Тем временем Лой поначалу как будто смиренно пересказывает чудной сюжет, где «действие происходит в неизвестные времена в неназванном тоталитарном государстве»: несчастный Правитель (эмоционально резкая и одновременно изысканная роль Йозефа Вагнера) отправляет на смерть Странника (восходящая звезда Брайан Джагд) за попытку осчастливить несчастливое королевство. Под судом и Элиана, милосердная жена Правителя, подозреваемая в измене. Второй акт — тягучий суд над Элианой (измены не было, любовь была) с ее знаменитой арией «Ich ging zu ihm» (сокрушительно нежное исполнение Сары Якубяк наверняка останется на особых правах в постановочной истории «Элианы»). Третий — жуткие в своей библейской предсказуемости реакции на происходящее горожан и буквальное воскрешение из мертвых — то самое чудо Элианы. В финале образ Правителя трагичен, а любовники запросто поднимаются к небесам на глазах у изумленной публики: здесь и сейчас, как впервые сто лет назад.

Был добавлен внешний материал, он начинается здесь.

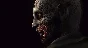 Resident Evil XBOX Any acc #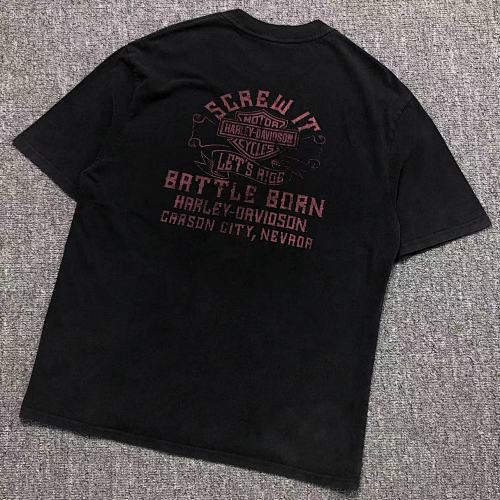 Saint Michael T-Shirt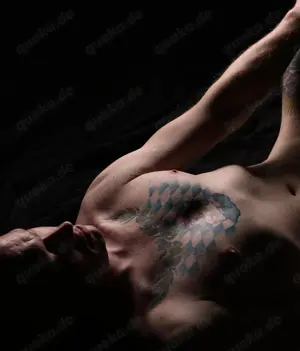 Blowjob heute noch ;)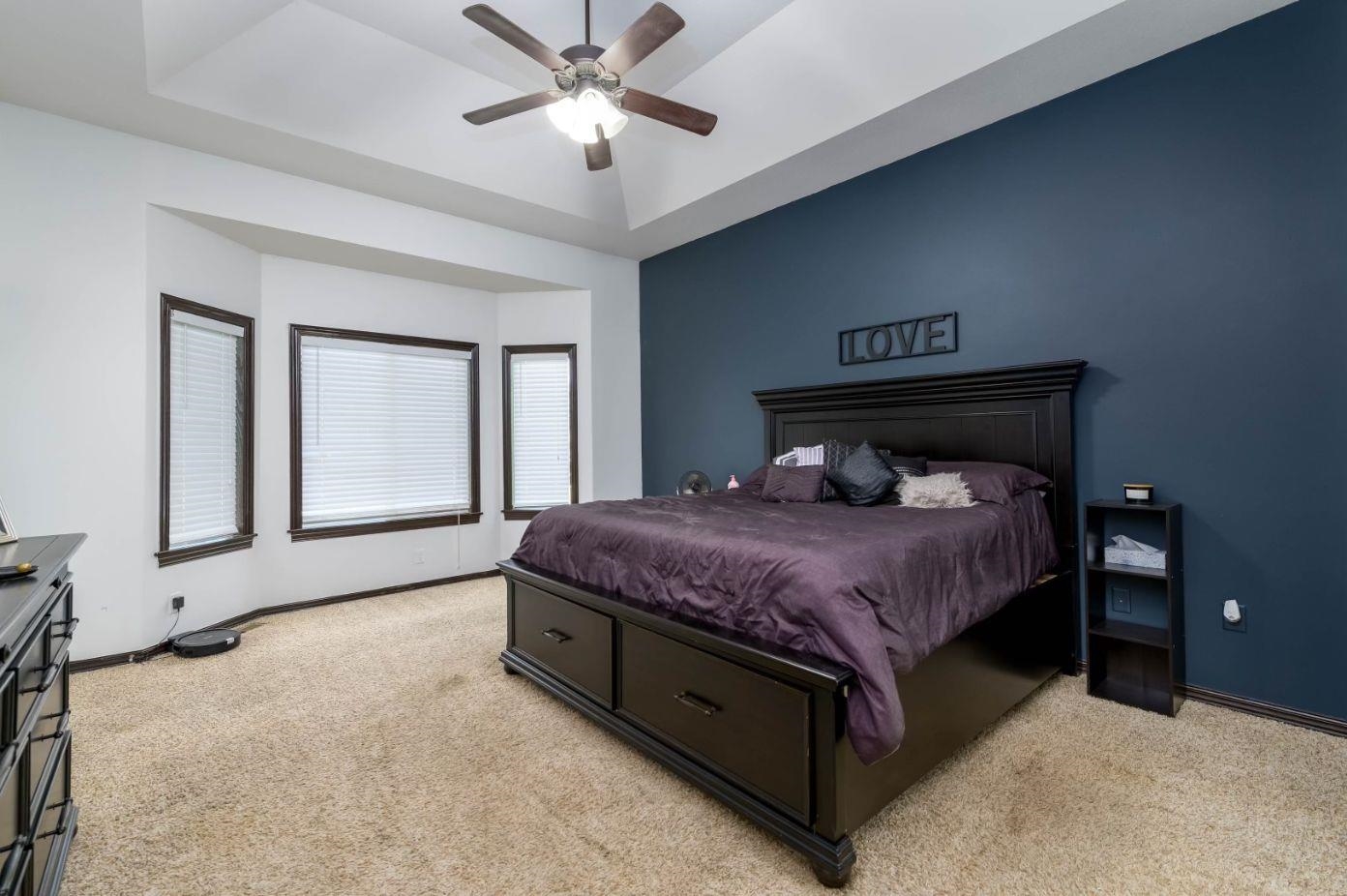 2022 S Webb Unit 234 Property Photo 11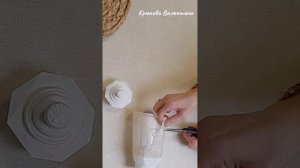 Банка из под кофе пригодилась для фонарика!!!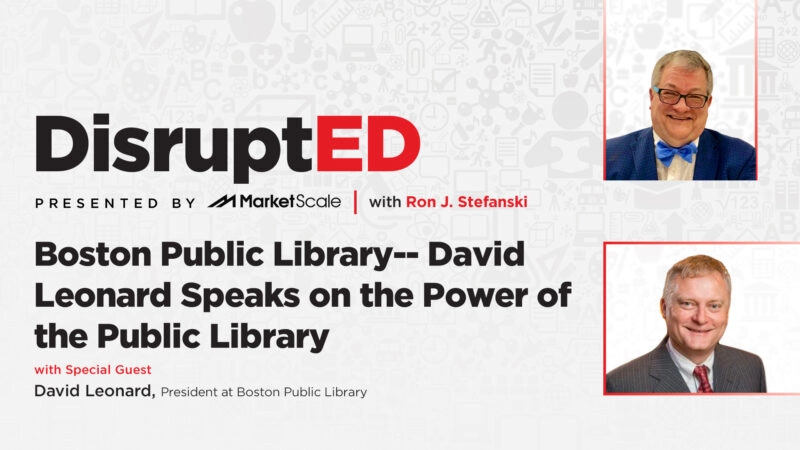 boston public library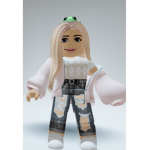 qttea
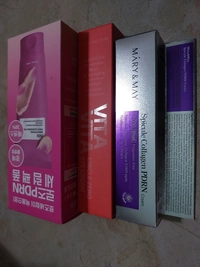 10000591298e25ed5e990b.jpg?f=webp&w=200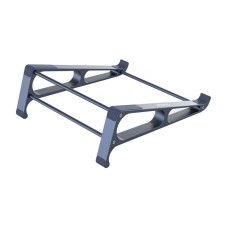 Orico Laptop Stand MA15-GY-BP-IP (grey) Orico Laptop Stand MA15-GY-BP-IP (grey)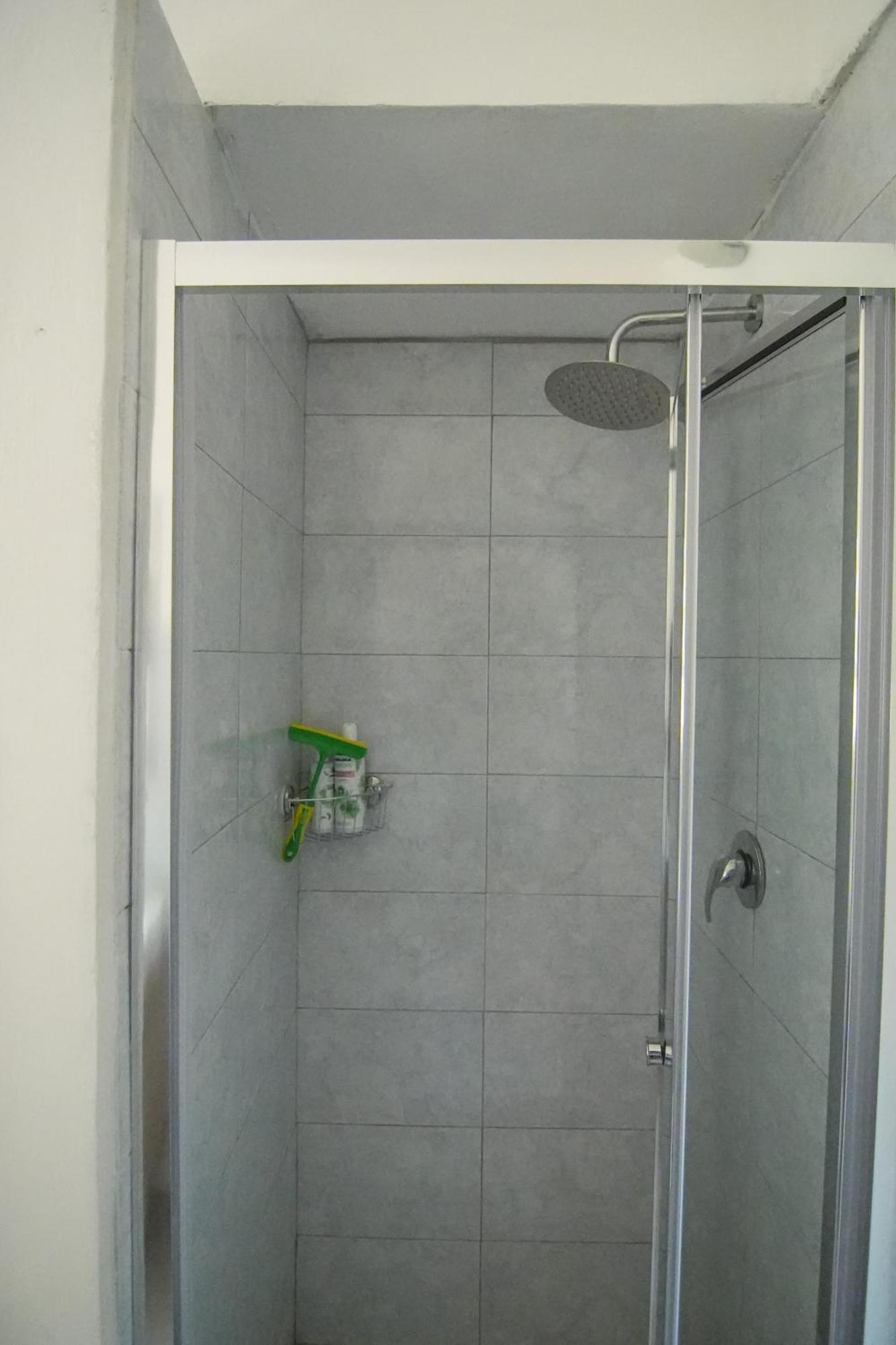 Orto Dei Bruchi Apartment Collodi Phòng bức ảnh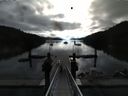 ./images/calvert/dock/20150812/dock20150812_085002.jpg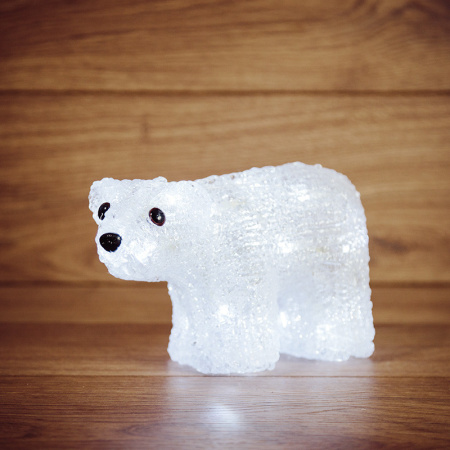 Светодиодные фигуры — Светодиодная фигура Neon-Night 513-252 купить в  Светодиодные фигуры — Светодиодная фигура Neon-Night 513-252 купить в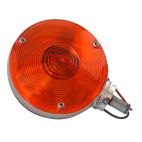 Lamps / Turn Signal NAPA Lighting (Truck Lite)
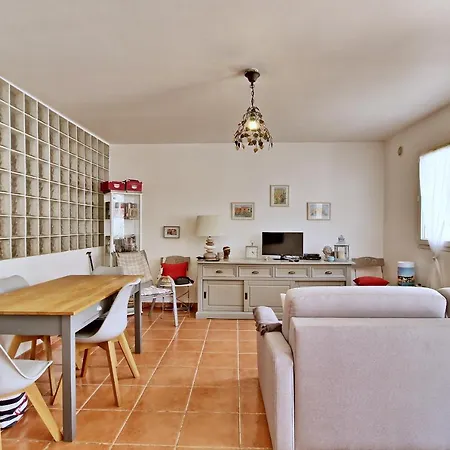 T2 Prunello By Intendance Excellency * Porto Vecchio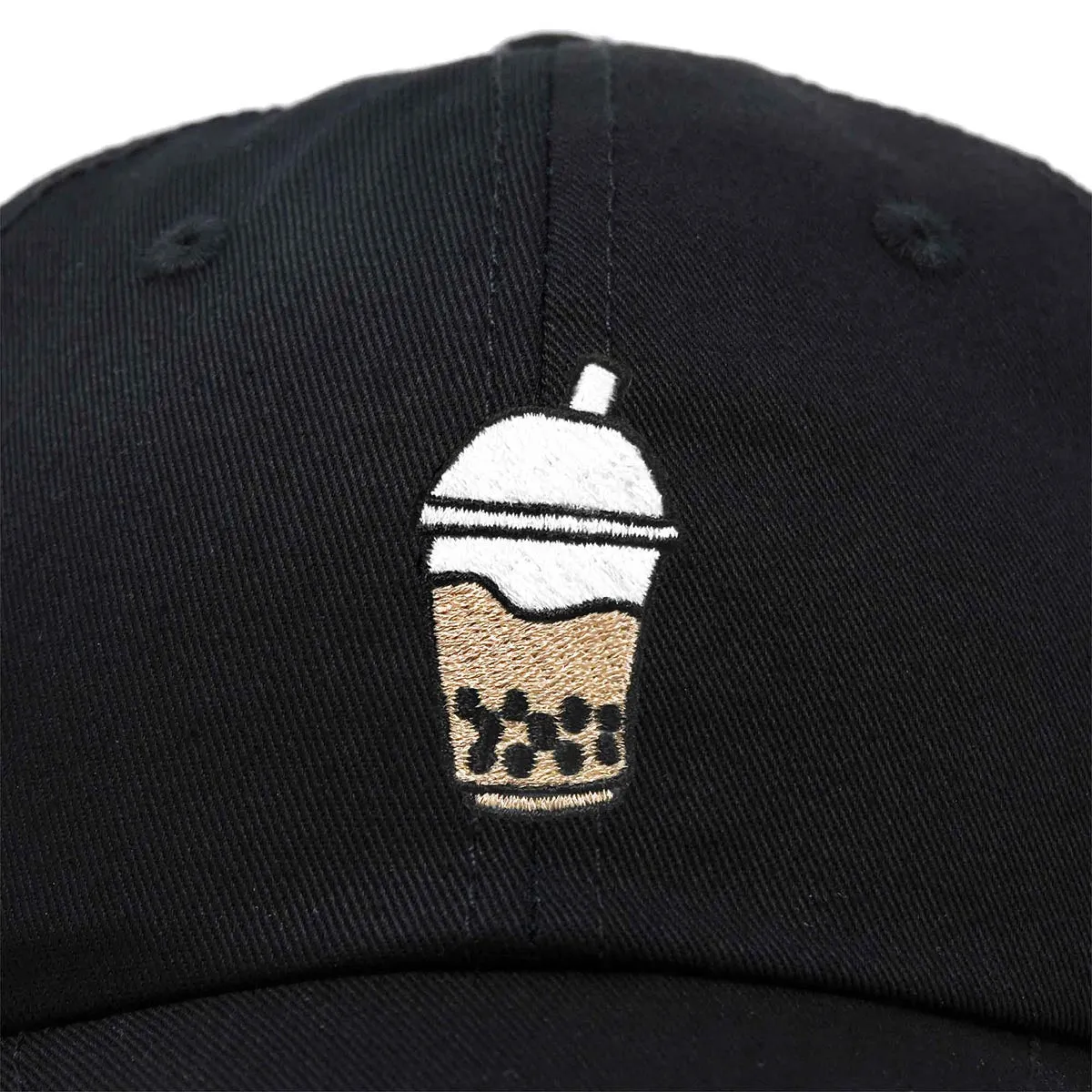 Dalix Bubble Tea Hat
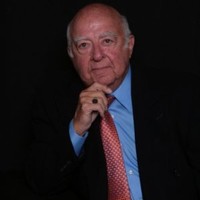 Bill Effinger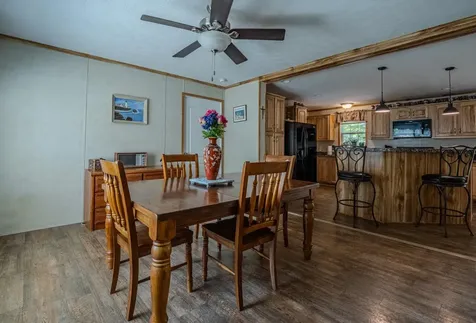 1151 Lewis Road Poultney VT 05764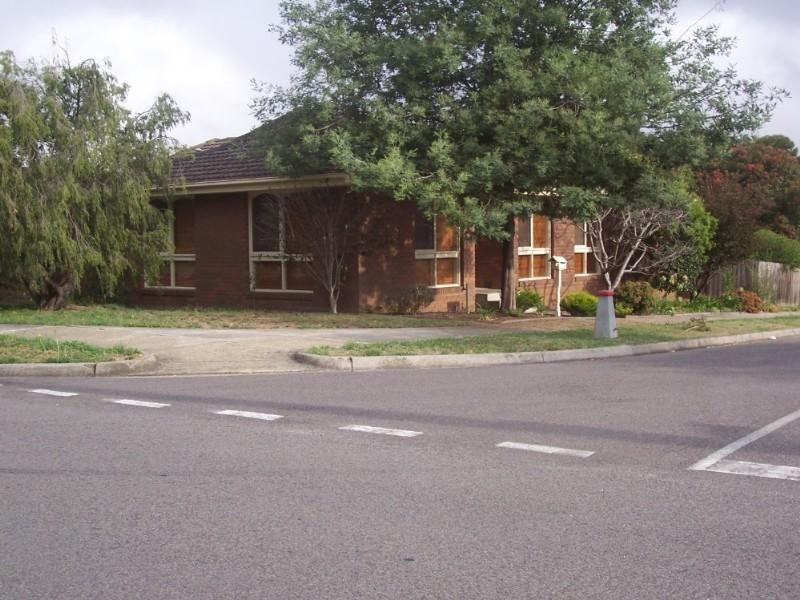 22 David Crescent, Bundoora VIC 3083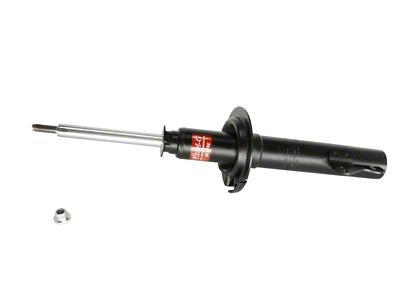 KYB Shocks & Struts Excel-G Front Escort 1985-90 - 333141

Чаще ироничный, в этот раз зубодробительно серьезный Лой делает головокружительный трюк. То, что казалось будничным рассказом в кафкианских декорациях с застывшим временем на часах, когда напряжение текучей формы сгущается до предела (Лой то незаметно замораживает фигуры и планы, то оживляет, то накладывает, то перелистывает), вдруг оказывается чередой торжественных, до оторопи прозрачных картин, напоминающих дюреровские гравюры. «Благословенны любящие»,— повторяет слова вступления шенбергианский хор, Пуччини приближается к Стравинскому, от темной экспрессии почему-то радостно, и мистика невозможной любви становится через наркотическую красоту музыки и механичность действия реальным чудом современного спектакля.